Pipeline project: From grainy documents to interactive map

With public interest in pipelines soaring to new heights in recent years, decided to dig into information about some of the largest lines that cross the country.

How CBC converted 405 pages into a usable resource

CBC News turned pipeline incident data into a map to show Canadians what has happened near their own communities. (John Rieti/CBC)

With public interest in pipelines soaring to new heights in recent years, decided to dig into information about some of the largest lines that cross the country.

Last August, we submitted an access-to-information request asking for 12 years’ worth of data on pipeline incidents from the National Energy Board (NEB), the federal regulator that oversees pipelines that cross borders.

About five months later, a CD containing the documents arrived at CBC News.

They included page after page of detailed information about each and every pipeline safety incident that companies are required to report.

The incredible wealth of information allowed us to map each one of the 1,047 incidents so that Canadians could see what’s happening in their neighbourhood and across the country. Users can also filter by the type of incident, the substance or even the year.

Getting to this point wasn’t an easy process. The first quandary we faced was the form that the 405 pages of data came in.

What was once an Excel spreadsheet had been parcelled out into two PDFs containing three separate sections. Basically, each row describing an incident was now spread across three pages located in two documents.
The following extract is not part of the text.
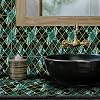KAIRNE Green Gilding Mosaic Wall Tiles Transfer Marble Stickers for Bathroom Decor, Kitchen Stick on Tiles Decal,Stairs Table Sticker, 15cm6
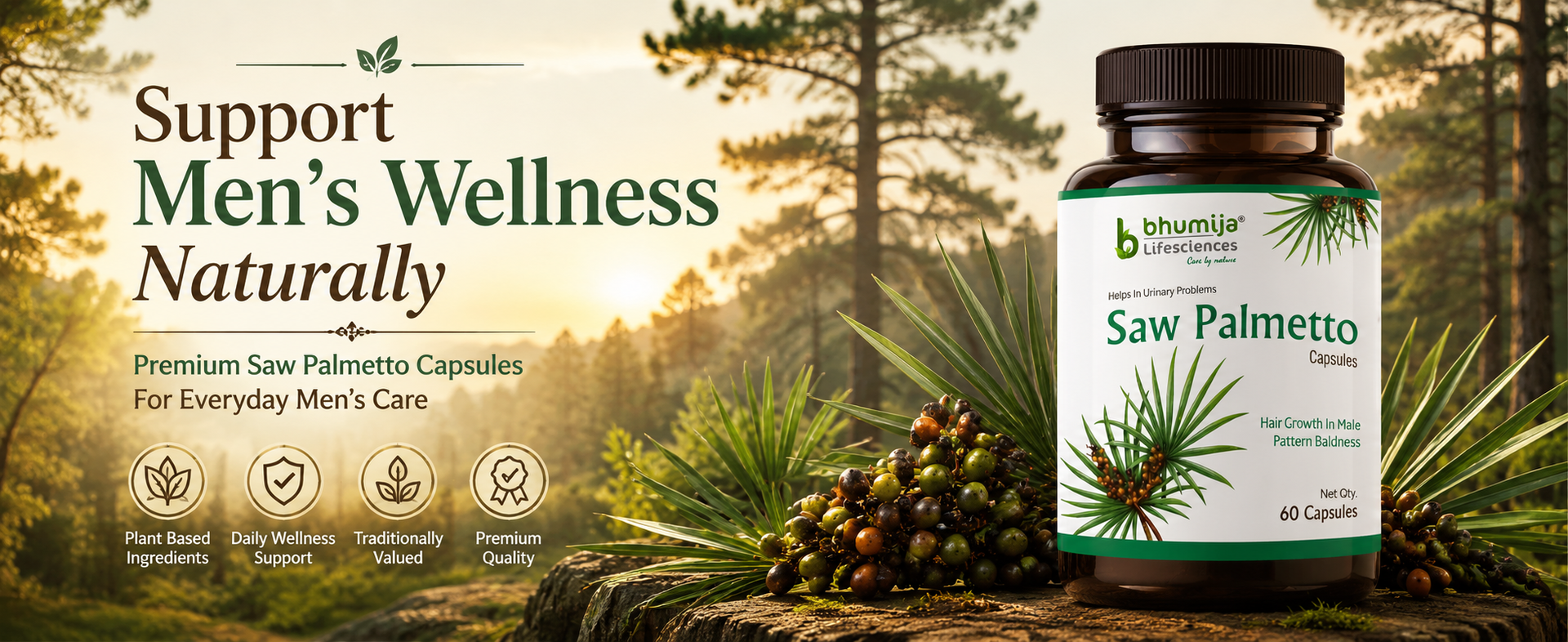 Bhumija Lifesciences Saw Palmetto 460mg with Nettle Root | 60 Caps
The first 238-page document was split into two sections. One contained about 10 columns, such as Company, Substance and Amount Released, while the second had three columns with key information such as Province, Nearest Community and Event Type.

With each row of information in the first document split across multiple pages, it was difficult to pull together.

The second file was even worse. The access-to-information coordinator had run it through a redaction program, AccessPro, to take out names and other identifying information.

That turned it into a grainy image of the original spreadsheet. It was a massive challenge to turn that back into text.

In the end, CBC had to use commercial optical character recognition (OCR) software, which converts images of text into editable documents, plus custom programming to convert the image back into text and put it back together as a data set.

We then geocoded the longitude and latitude for the nearest population centre noted in the NEB logs so that we could map it out.

To be able to visualize the size of spills, we also standardized the amount of oil or gas spilled — which was recorded by NEB largely in cubic metres but also in kilograms, litres, tonnes and other units — into one measurement: litres. NEB helped convert the weights into volumes.

Our first version of the map was solely published internally as a research tool for journalists spread out in different cities.

Using geographic information system (GIS) software, we explored a decade’s worth of incidents to find patterns and trends.

Though CBC News had requested the database in its original Excel spreadsheet format, current access-to-information laws don’t require departments to release information in its original form. Often, officials turn spreadsheets into difficult-to-convert PDFs, citing concerns the documents could be manipulated.

Even once CBC managed to get the pipeline incident data set into an Excel spreadsheet, it became apparent that our work was not done.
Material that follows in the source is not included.